**Given material**
____

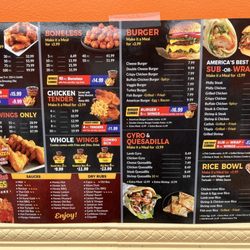 America’s Best Wings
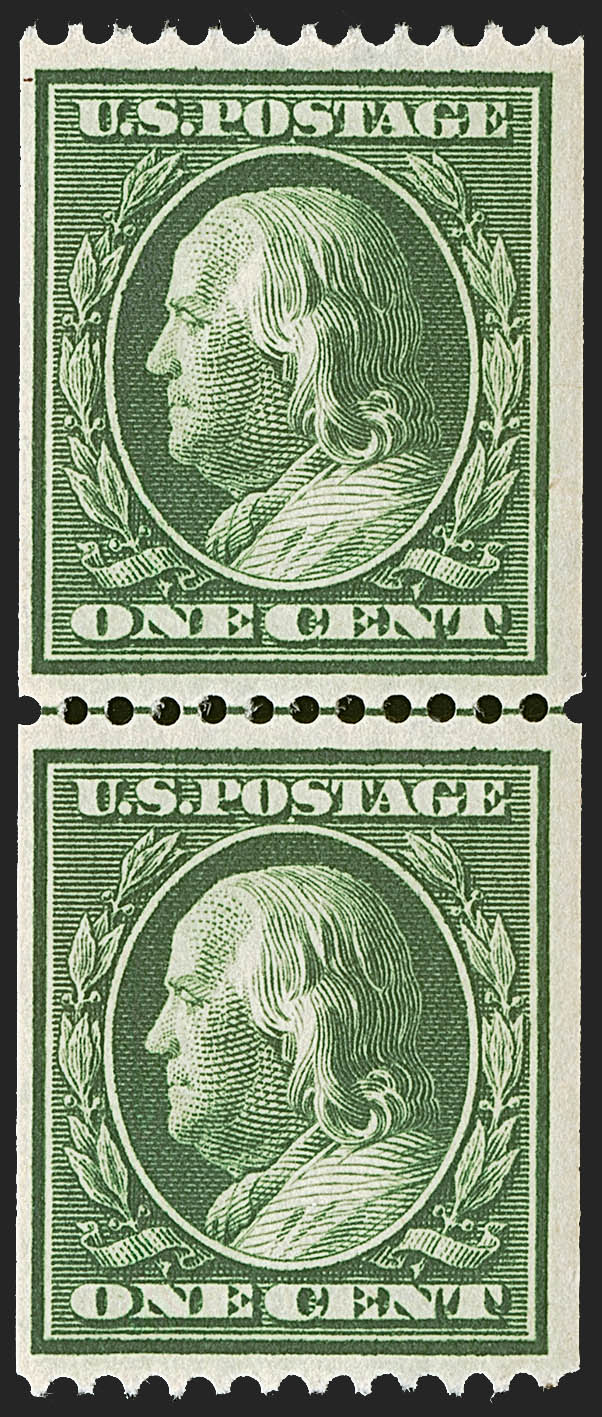 Sale no. 1247 — Lot no. 533 — Siegel Auction Galleries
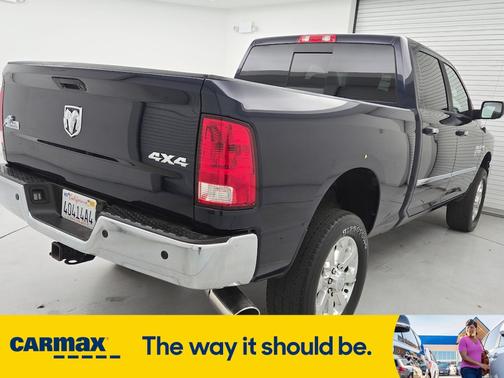 2016 RAM 2500 Bighorn
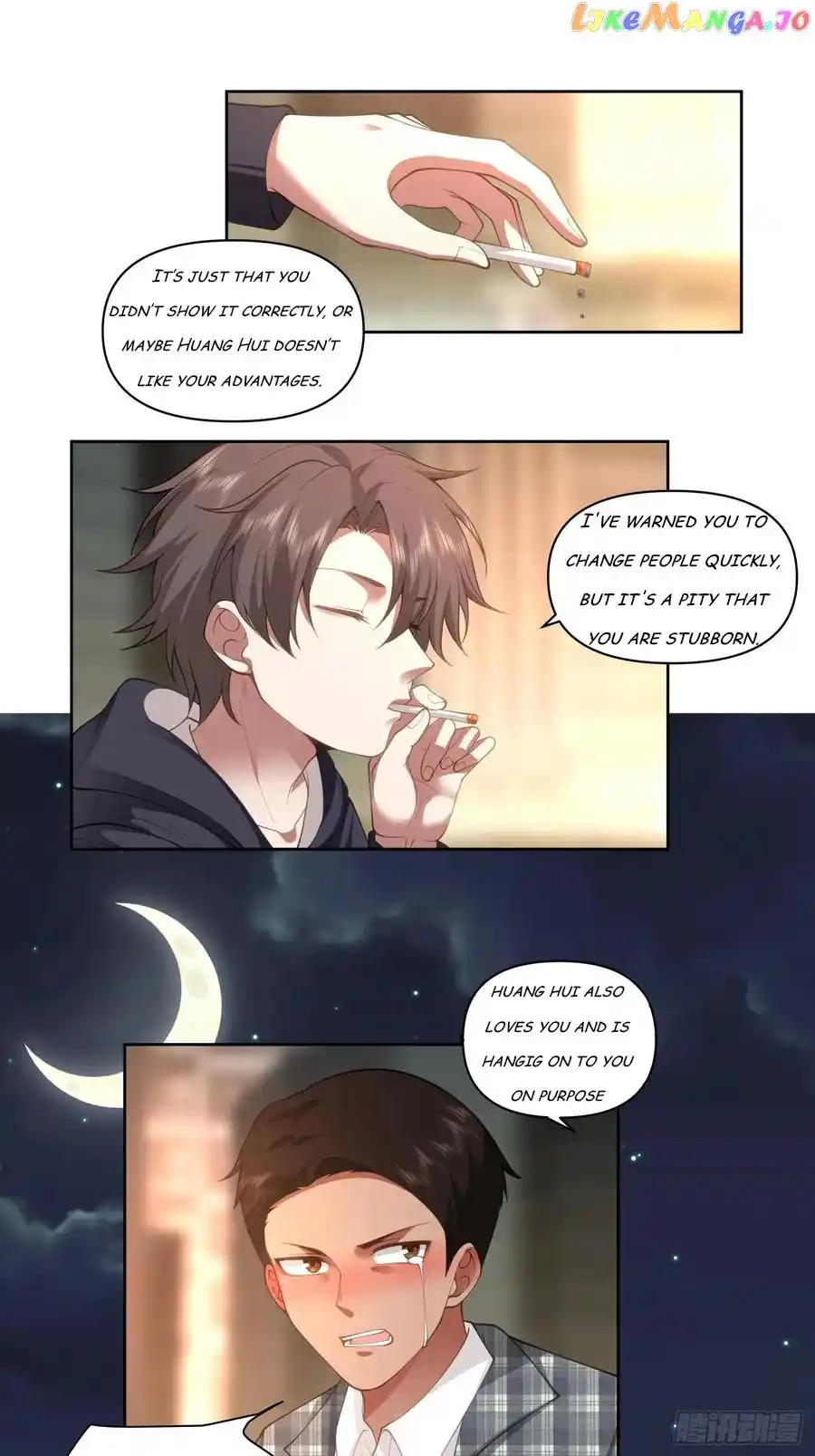 I Really Don't Want To Remake Chapter 101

____

**Task item**
Output all the data, exactly, without images.

**Solution to this exercise**
 America’s Best Wings
 Sale no. 1247 — Lot no. 533 — Siegel Auction Galleries
 2016 RAM 2500 Bighorn
 I Really Don't Want To Remake Chapter 101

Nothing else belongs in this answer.